Better to simply charge emissions based on the cost required to scrub them.

Trying to inject value judgements into it turns the whole situation into an absurd government mandated ethics board. The precise task governments have shown themselves to royally screw up time and time again.

This is why the game is really screwed up. To make these decisions when coming up with carbon credits, or any other decisions regarding resources in a market, policy makers have to defer to industry because they simply don't understand industry and will never have the time to fully understand it like a domain expert would. Now, its not necessarily that the industry's own scientists and experts are corrupt, but that the business models naturally disincentivize hard truths if they come at a cost to profit. Shareholders don't want to hear that their investment is being taxed above others in this case. They will hire lawyers to fight fight fight their battle until its won. There is no opposition here to that, no balance to that sort of reaction, so it continues unimpeded towards this way just as easily and unstoppable as a gunpowder reaction to flame.
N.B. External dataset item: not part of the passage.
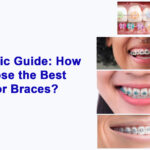 how to choose bes braces colors dental sharjah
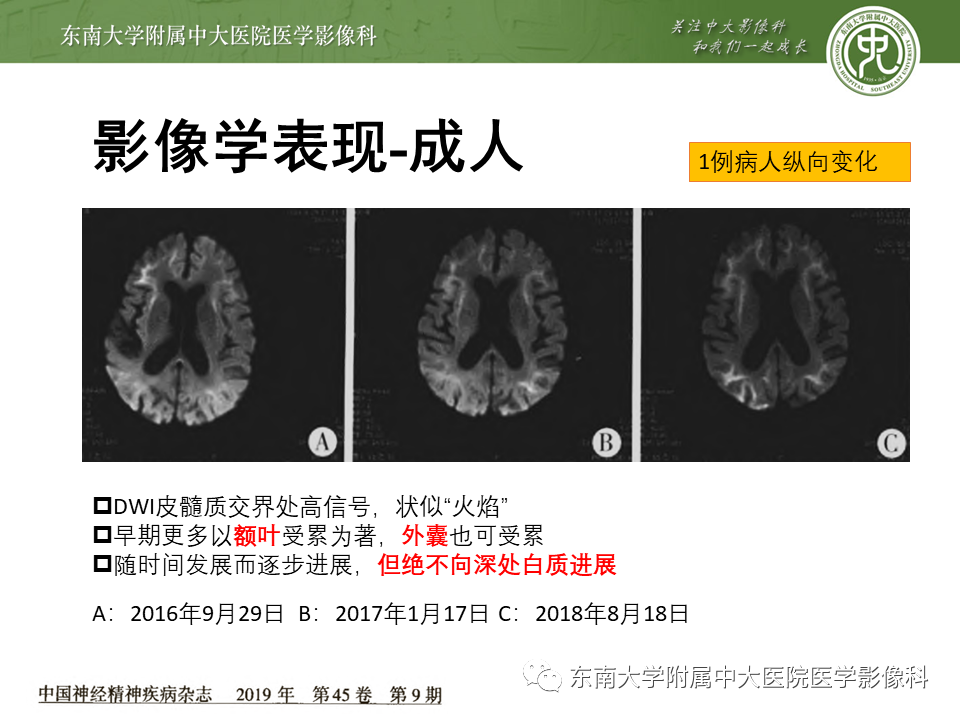 影像PPT - 【PPT】神经元核内包涵体病（NIID）的影像学诊断-20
As such, as soon as you think about putting a restriction on industry, it will serve to benefit investors of that industry first and foremost as it will be penned by that same industry you seek to regulate.
Didn't work in Canada.
Canada's current carbon tax is at 65 CAD per ton of CO2, working out to roughly 15 cents per liter (typical gas price right now is 1.75ish per liter).

The degree of tax is just too small right now to realistically expect major impact on behavior.

We'll see what happens as tax continues to ramp.

The big issue I think with the tax is that its ultimately paid for by consumers and not capital, as a result behavior won't shift, people will just get poorer in need of more subsidy and wealth will be more concentrated. Rather than a carbon tax, we should tax wealth for carbon used to generate such wealth in the American economic system. We could do this by taxing the holdings directly, or having a progressive tax rate that is effectively zero for the sort of purchases a middle class individual will make in their life, and quite steep for the sort of purchases that are more common among the elite with substantially larger carbon footprints.
In theory a carbon tax incentivises low carbon solutions. In theory the market is frictionless and transparent.
Theory will only take you so far
Is jet fuel taxed? That would be against some international treaties, so I doubt they do that.
So, a big fat scam. No thanks.
Hey Siri, how do I deal with an economic externality?
>> carbon tax

> big fat scam

Care to elaborate?

If it's going to be anything like the carbon offsets, I see zero reason to elaborate since it will inevitably end up looking like arguing with religious people.

I am all for taxing pollution but focusing on carbon alone makes me extremely dubious of the actual intent behind such proposals.

These things appear to be weapons disguised as legitimate efforts to improve things.

So instead of taking the opportunity to educate somebody on a topic you're implying you know a lot about, you've decided it's not worth the bother because I'm probably religious about -- checks notes -- carbon taxes... and there's going to be no reasoning with me?

Why bother commenting on the internet at all?

So, instead of arguing your own thoughts on the matter, you choose to downvote when I share my own. Or, you could just do the usual citations spam to silence any dissenting opinions.

Why bother indeed.

I don't have 500 rep. I'm unable to downvote. I tried to engage in discourse by asking you to elaborate on your position -- the onus wasn't on me to explain anything. Good luck in life.
Better than government banning flights all up.